The capital's theatre scene boasts a plethora of top class Shakespeare productions starring some world class names. Sh*t-faced Shakespeare isn't one of them! It's a shambles and that's why people love it.
The public's appetite to see shows done deliberately badly never ceases to amaze me. The West End regularly contains two shows by Mischief Theatre Company, currently The Play That Goes Wrong (also now on Broadway) and The Comedy About a Bank Robbery both of which flirt with the premise that order could collapse at any moment and a big part of the appeal of Showstoppers: the Improvised Musical is the edge of the seat danger that it could all mess up. Even Shakespeare himself revels in the comic potential of amateur actors being bad. Think of the mechanicals in A Midsummer Night's Dream or the inept masque at the end of Love's Labour's Lost.
The Sh*t Faced Shakespeare team doesn't even pretend that you'll get a quality theatrical experience at the Leicester Square Theatre. The idea is that at each performance one of the actors has got intentionally drunk, cast members take turns to down a few beers and half a bottle of spirits before the show. The rest remain sober and respond to the inebriated mess the incapacitated performer makes of their short production, edited down from one of the more popular titles.
At the present time they're massacring the bards witty and arch tragi-comedy, Much Ado About Nothing, in which two unlikely and argumentative lovers are tripped into understanding their true affection for each other whilst a more idealistic romance crumbles amidst lies and deceit. Although that doesn't really concern us here or the cheap looking scenery and costumes on display.

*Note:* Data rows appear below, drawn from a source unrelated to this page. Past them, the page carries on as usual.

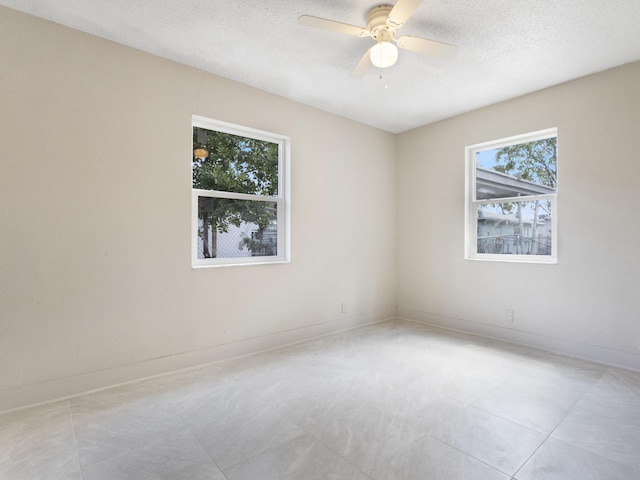 423 N F St, Lake Worth Beach, FL 33460 - empty room with a textured ceiling, ceiling fan, baseboards, and light tile patterned floors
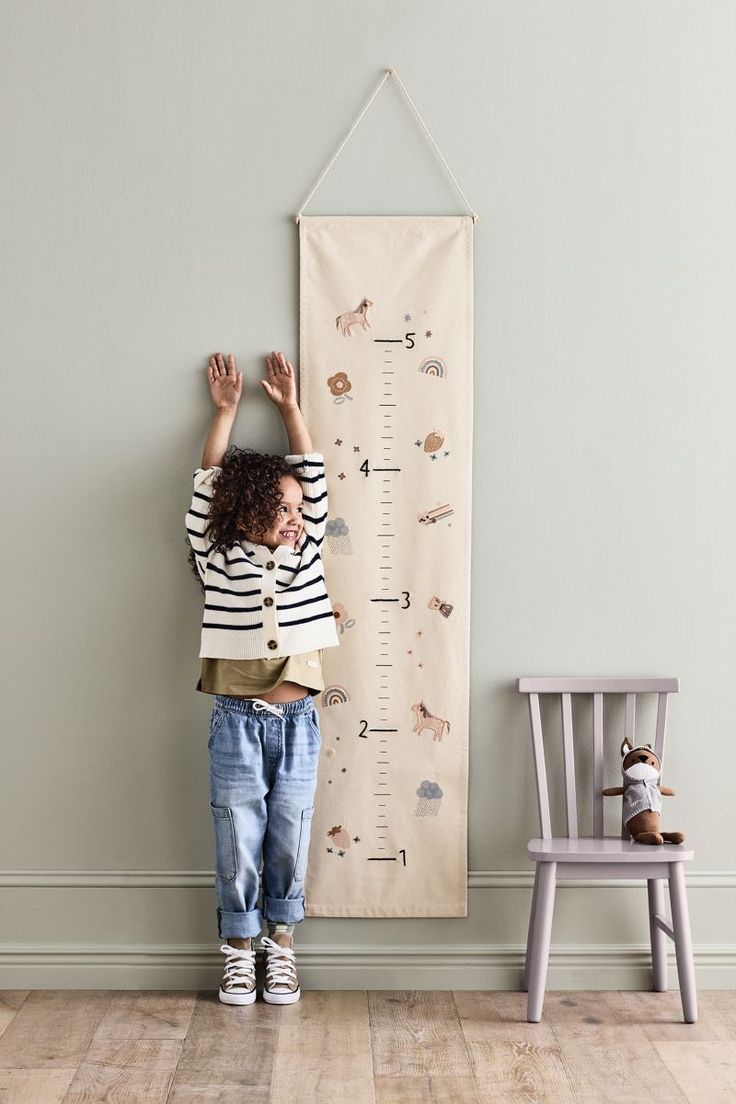 a little boy standing in front of a growth chart with his hands on the wall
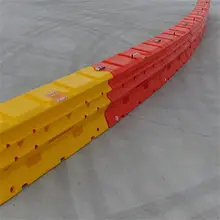 Water-filled safety barriers lined up along a road construction site to manage traffic and protect workers.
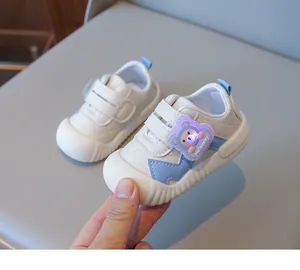Detail of baby light-up shoe with LED bear motif and double velcro strap closure
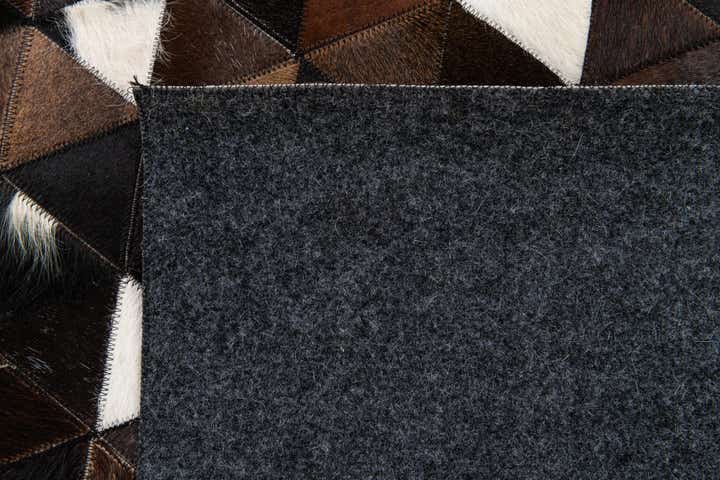 4' 11 x 7' 10 Cowhide Stocks Rug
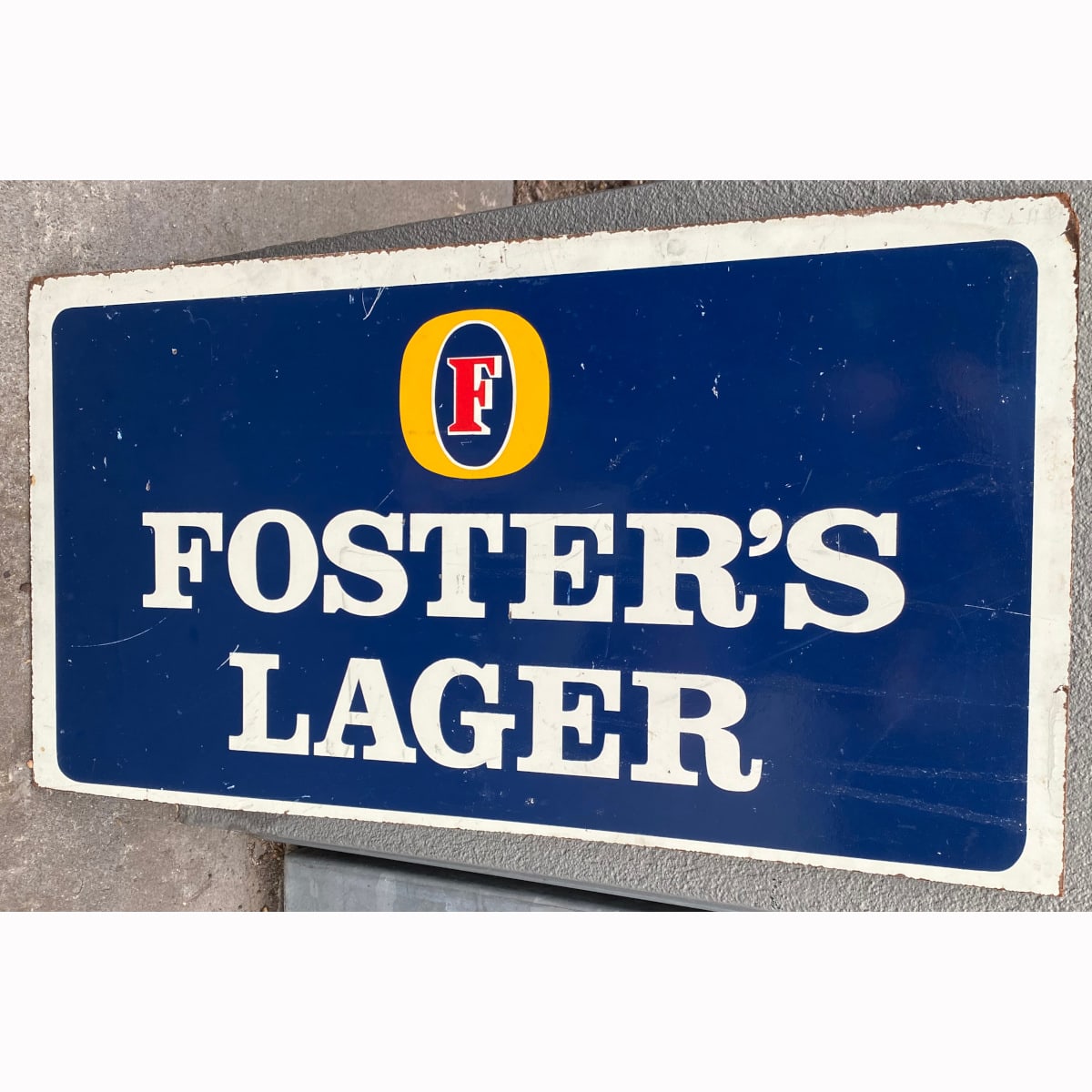 Small painted Masonite Sign. Fosters Lager. CUB. Carlton & United Breweries. (Not for post. Arrangements will have to be made by winning bidder for pickup or courier delivery)  (Victoria)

The attraction is not poetry, imagery and a meditation on the profound mysteries of love; it's seeing how much of a fool a drunken actor is going to make of themselves in public.
Some of the mayhem is rehearsed but a great deal of the comedy truly comes from the unpredictability of having an intoxicated cast member who's incapable of retaining the strictly rehearsed structure that's traditionally drummed into actors during rehearsals.
In describing this as I have I'm aware I sound disapproving. In fact the opposite is true. People love this show, the unpredictability of it is genuinely laugh out loud funny and perversely instead of making actors look stupid you emerge admiring the ingenuity of the sober performers who have to keep the laughs and the plot on track. It even makes you hear the Shakespeare lines afresh, which is always rewarding. I'll even admit that If you go to a lot of Shakespeare, as I do, a pissed up Much Ado About Nothing is actually a more enticing prospect than yet another traditional production trudging through the much performed masterpiece.
Incidentally some very fine actors submit themselves to this process and it's been a massive hit at The Edinburgh Festival and in previous London visits.
Highly recommended as a silly night of escapist entertainment which also might, just might, reveal some truths about the dynamics of alcohol and friendship and the stale nature of some conventional theatre.